Il calcio inglese è sempre stato affascinante e molto appetibile per gli investitori, che negli ultimi anni hanno visto aumentare il numero di squadre che a fine stagione riescono a chiudere in attivo (dal 2014 lo hanno fatto tra il 60 e il 75% delle società militanti in Premier League, nonostante le spese ingenti). Per il triennio 2016-2019 è stata stanziata la somma di 5,17 miliardi di sterline, vale a dire quasi 6 miliardi di euro al cambio attuale (cifra equivalente al fatturato annuo della Pirelli), per i diritti televisivi della Premier League, che vengono distribuiti per il 50% in parti uguali alle venti squadre del massimo campionato inglese, per il 25% in base ai risultati sportivi e per il rimanente 25% a seconda del numero di partite trasmesse. Ad oggi si possono vedere 168 partite su 380 complessive (nel 2015 ne venivano
mandate in onda 154), quindi i potenziali ricavi dai diritti televisivi hanno ancora ampi margini di crescita.

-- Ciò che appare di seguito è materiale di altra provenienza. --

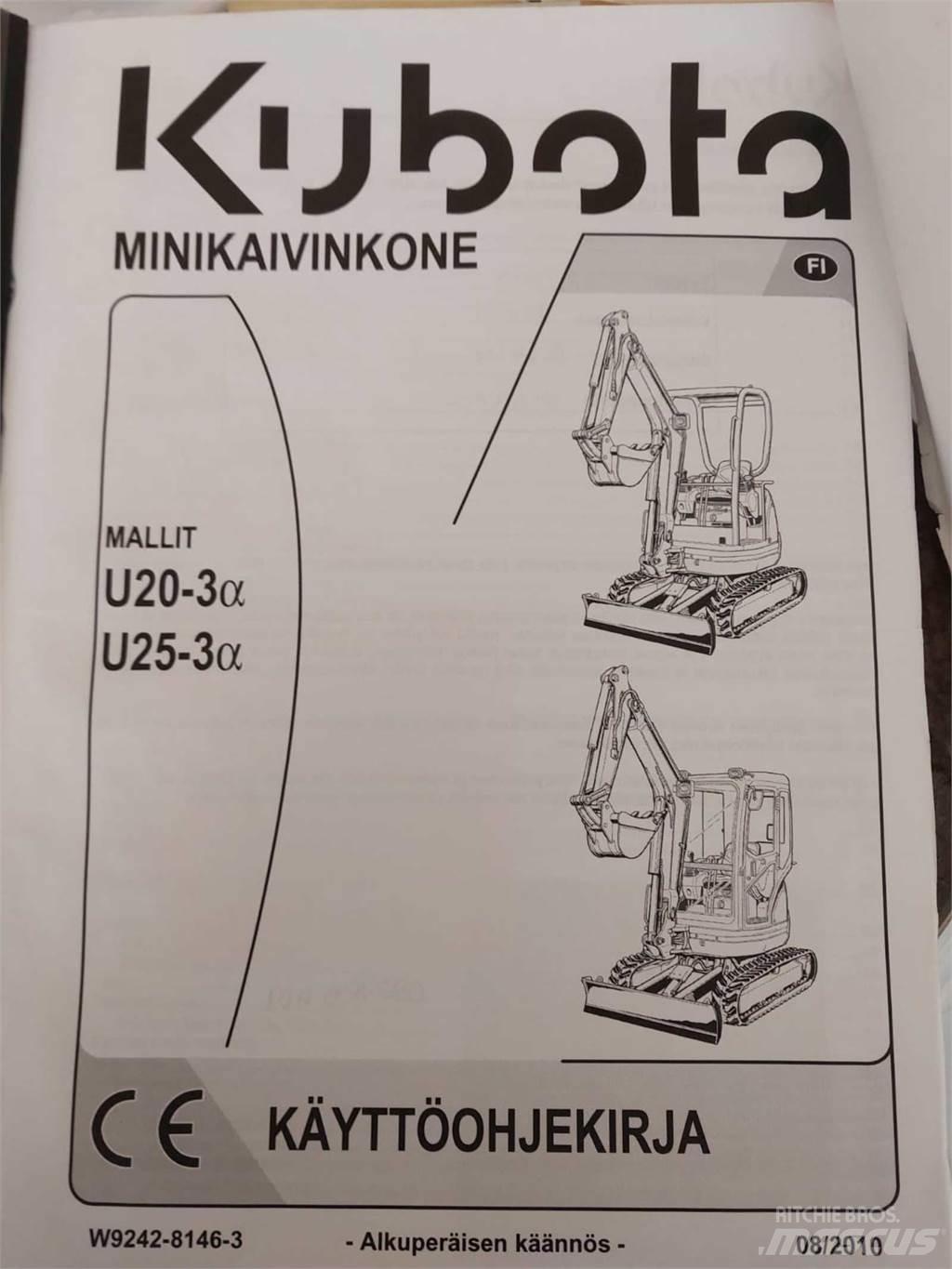 Kubota U25-3 Miniekskavaatorid < 7 t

Rispetto alla Premier League, che complessivamente fattura tra i 5 e i 6 miliardi all’anno e che è riuscita a raddoppiare il fatturato nel giro di quattro anni (nel 2012/13 aveva un fatturato di circa 3 miliardi), gli altri campionati crescono meno: la Germania si stanzia al secondo posto con poco più della metà del fatturato, a seguire il campionato spagnolo. La Serie A sta perdendo terreno rispetto alle prime tre a causa di un pessimo piano industriale: si punta tutto sui diritti televisivi e poco sugli stadi di proprietà e sulla crescita dei brand, ad eccezione della Juventus, la quale sembra abbia intrapreso il modello organizzativo tedesco, il modello commerciale ispirandosi a quello spagnolo e la gestione dello stadio all’inglese. A parte questa eccezione, poche altre squadre italiane si muovono in tale direzione. Nel medio periodo questo potrebbe renderci sempre meno competitivi sui palcoscenici internazionali, eppure sarebbe un grosso peccato non trarre benefici da questa miniera d’oro che tanto piace a Zuckerberg.